─── Raw data ───
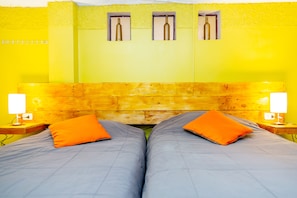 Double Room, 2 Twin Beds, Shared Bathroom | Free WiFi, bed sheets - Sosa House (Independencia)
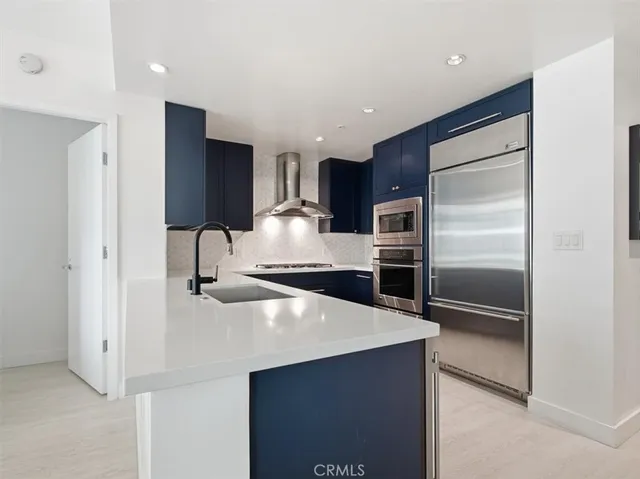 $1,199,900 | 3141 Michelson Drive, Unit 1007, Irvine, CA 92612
───
─── Raw data ───
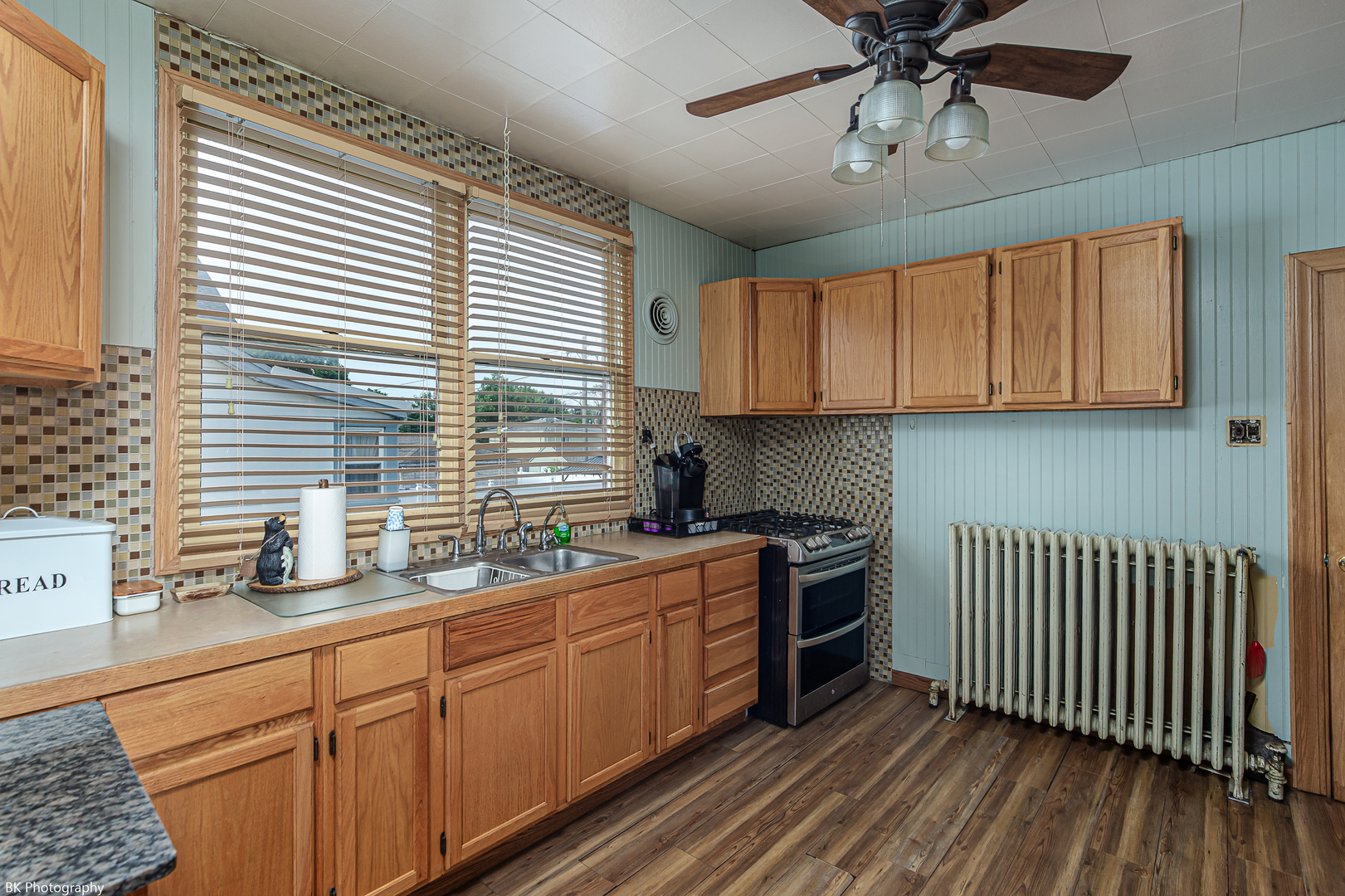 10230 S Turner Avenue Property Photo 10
───
**Task brief**
Go to the line above that contains "Double Room, 2" and reproduce everything exactly from there through the line that contains "Irvine, CA 92612", leaving out the pictures.

**Problem solution**
 Double Room, 2 Twin Beds, Shared Bathroom | Free WiFi, bed sheets - Sosa House (Independencia)
 $1,199,900 | 3141 Michelson Drive, Unit 1007, Irvine, CA 92612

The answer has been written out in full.